*** Source material Section Begins ***
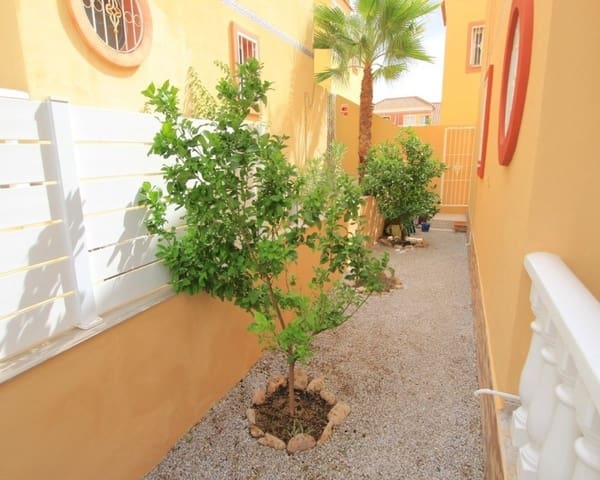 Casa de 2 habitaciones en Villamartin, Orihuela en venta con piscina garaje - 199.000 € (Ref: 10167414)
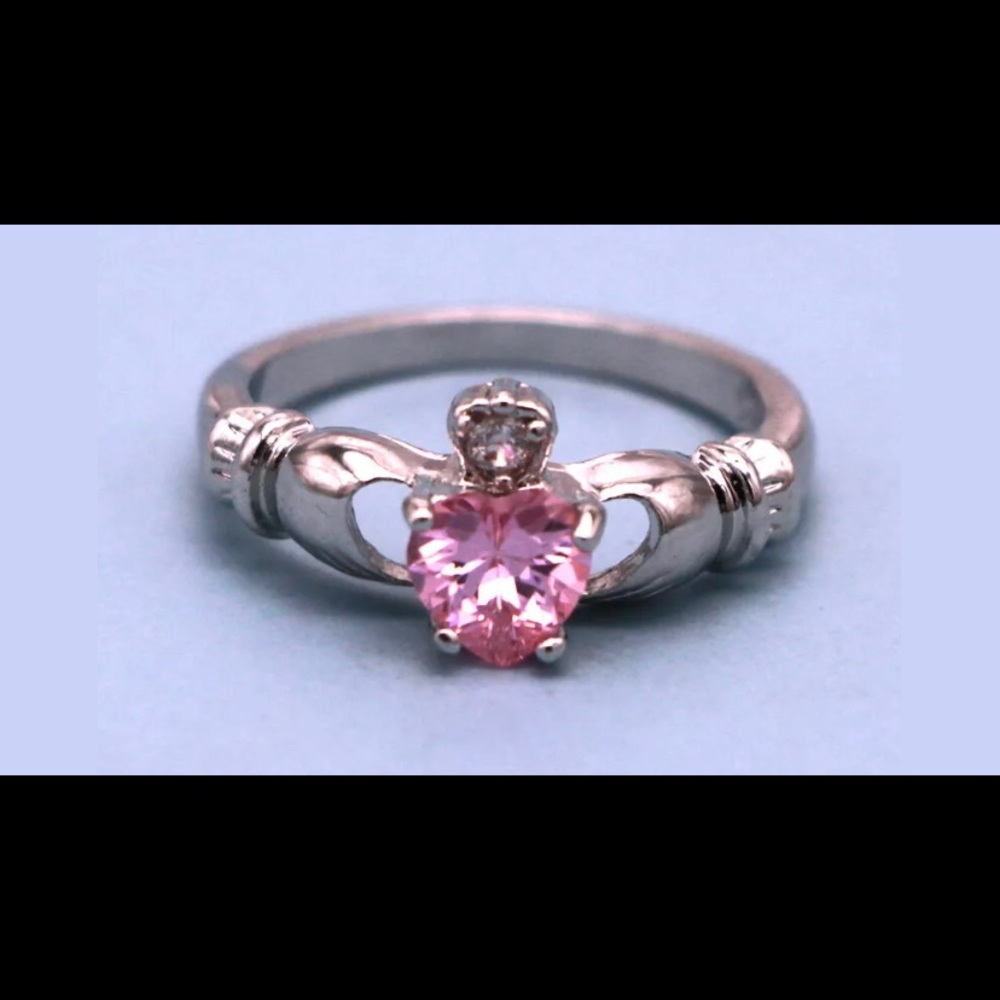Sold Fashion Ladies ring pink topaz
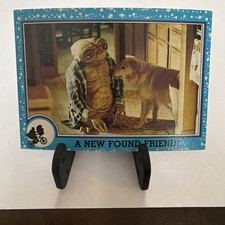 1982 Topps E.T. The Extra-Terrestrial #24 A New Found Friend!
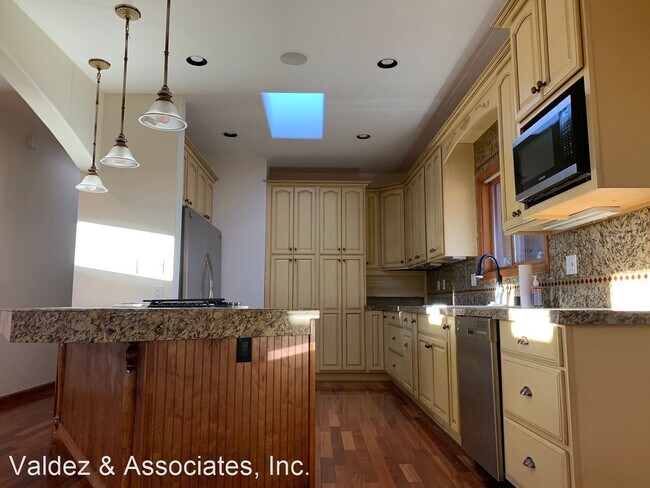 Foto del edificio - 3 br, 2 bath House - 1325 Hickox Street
*** Source material Section Ends ***
**Task to complete**:
Please make an exact copy of the whole listing and leave out its pictures.

**Task output**:
 Casa de 2 habitaciones en Villamartin, Orihuela en venta con piscina garaje - 199.000 € (Ref: 10167414)
Sold Fashion Ladies ring pink topaz
 1982 Topps E.T. The Extra-Terrestrial #24 A New Found Friend!
 Foto del edificio - 3 br, 2 bath House - 1325 Hickox Street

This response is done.